06 março, 2019

A transubstanciação é um milagre possível? O que a Bíblia ensina sobre a natureza dos milagres

Por Sandro Moraes

Em sua origem etimológica a transubstanciação é a conjugação de duas palavras latinas: trans (além) e substantia (substância). É a teoria oficialmente ensinada pela igreja católica segundo a qual o pão e o vinho se tornam carne e sangue de Cristo durante a santa ceia ou eucaristia. Ainda segundo esse conceito a substância ou essência do pão e do vinho é transformada, de modo miraculoso, no corpo e no sangue do Senhor Jesus, ainda que a aparência exterior do pão e do vinho, os chamados acidentes como o sabor ou cheiro, permaneçam inalterados. 

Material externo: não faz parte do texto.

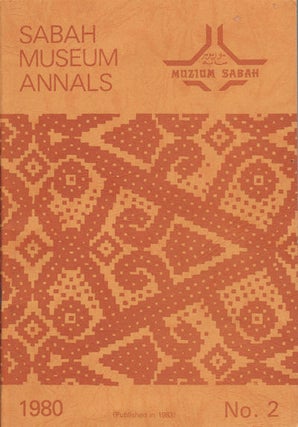 Stock ID #154461 Sabah Museum Annals. 1980. No 2. MUZIUM SABAH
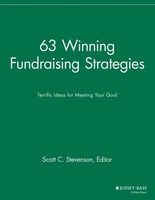 63 Winning Fundraising Strategies - Terrific Ideas for Meeting Your Goal (Paperback, 2nd) - Scott C Stevenson Photo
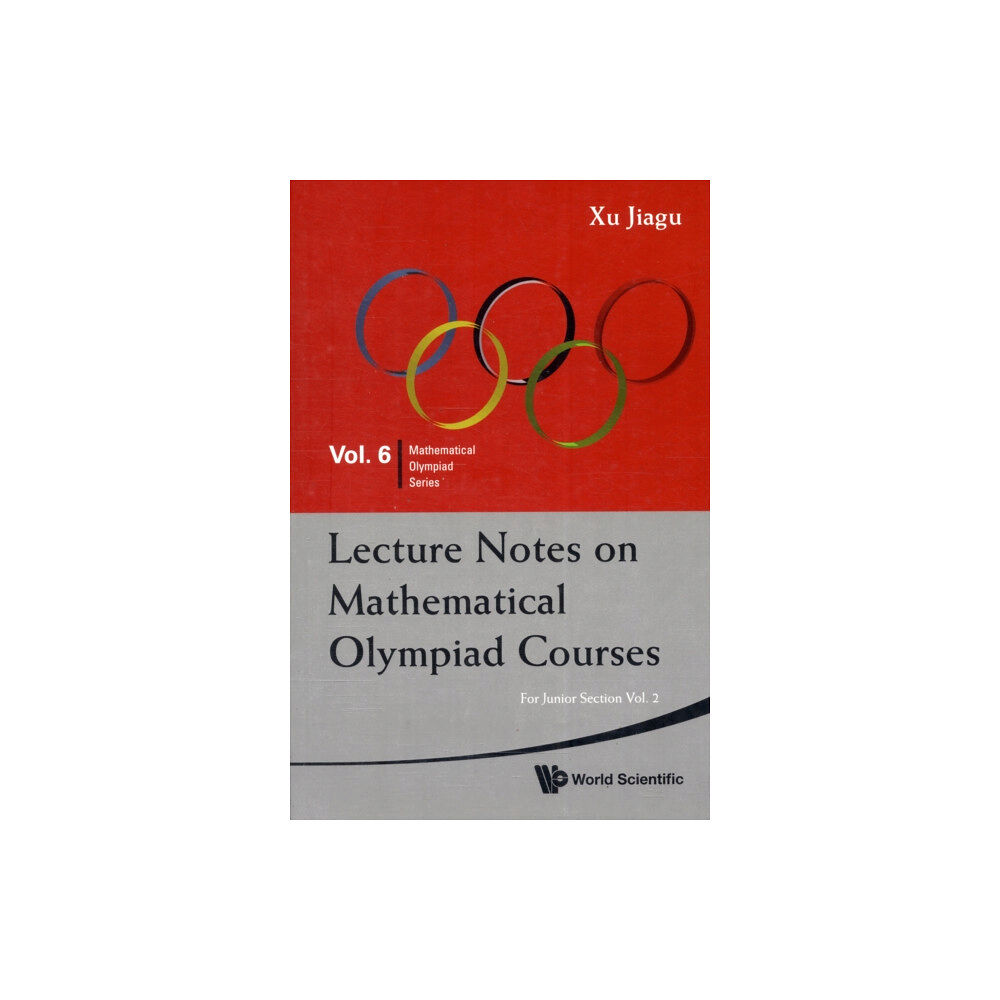 World Scientific Publishing Co Pte Ltd Lecture Notes On Mathematical Olympiad Courses: For Junior Section (In 2 Volumes) (häftad, eng)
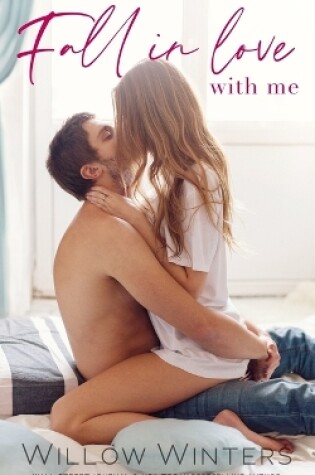 Cover of Fall In Love With Me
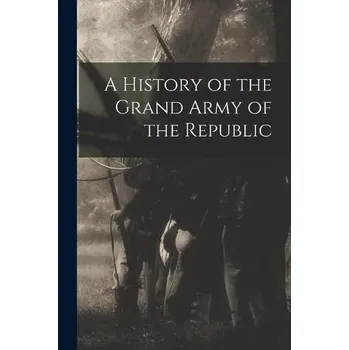 History of the Grand Army of the Republic - Anonymous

Essa doutrina foi definida no Quarto Concílio de Latrão, reunido durante o pontificado de Inocêncio III, em 1215. Carlos Collette (1912) informa que não se declarava a transubstanciação no romanismo até o Concílio Lateranense. Antes desse concílio se insistia na presença real e corpórea de Cristo no sacramento.

Alister McGrath informa que o ensino da transubstanciação se baseia em fundamentos aristotélicos, em específico na distinção feita por Aristóteles entre "substância" e "acidente". Teólogos protestantes teceram duras críticas a essa doutrina por ocasião da Reforma sob a alegação de que tal doutrina introduzia indevidamente ideias aristotélicas na teologia cristã. O Concílio de Trento (1551) reagiu com a reafirmação da doutrina que havia sido estabelecida no Concílio Laterano. 

Após a breve explicação do significado dessa doutrina católica, devemos elaborar a pergunta cuja resposta é o alvo que o presente artigo pretende alcançar: 

A transubstanciação é um milagre possível?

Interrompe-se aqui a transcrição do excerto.